- Born: 21 December 1928 Obukhovychi, Ukrainian SSR, Soviet Union
- Died: 11 June 2003 (aged 74) Obukhovychi, Ukraine
- Known for: Embroidery; textile arts
- Children: Valentyna and Olena Veres [uk]
- Awards: Shevchenko National Prize

= Hanna Veres =

Ukrainian weaver (1928–2003)

Hanna Ivanivna Veres (Ганна Іванівна Верес; 21 December 1928 – 11 June 2003) was a Ukrainian folk artist, embroiderer and weaver. She was the daughter of the artist and weaver, Maria Posobchuk, and the mother of artists Valentyna and Olena Veres. She was awarded the Shevchenko National Prize with Anna Vasylashchuk in 1968.

== Biography ==
Veres was born on 21 December 1928 in the village of Obukhovychi in the Vyshhorod district of Kyiv region. Her mother was the artist, Maria Posobchuk. Veres had two daughters, Valentyna and Olena Veres, both of whom also became artists. According to historian, N. M. Nevega, Posobchuk taught her daughter many of her skills, which she in turned passed on to her daughters.

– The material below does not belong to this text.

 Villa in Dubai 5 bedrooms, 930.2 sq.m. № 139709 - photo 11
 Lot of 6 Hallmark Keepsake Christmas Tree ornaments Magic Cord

Veres lived in Kyiv, in a house on Bastionny Lane. She died in Obukhovichi on 11 June 2003.

== Artistic career ==
A specialist in the field of decorative textile arts, especially artistic embroidery, Veres created traditional Polesian woven towels, as well as decorative fabrics and panels. Towels are a traditional Ukrainian textile: they are used as a special surface for food to be served on, and many are given as gifts at significant life moments. She founded the Museum of Folk Weaving in Ivankiv, which opened in 1988 and closed in 1992. Her works toured to North America, where they were shown in Toronto and Montreal.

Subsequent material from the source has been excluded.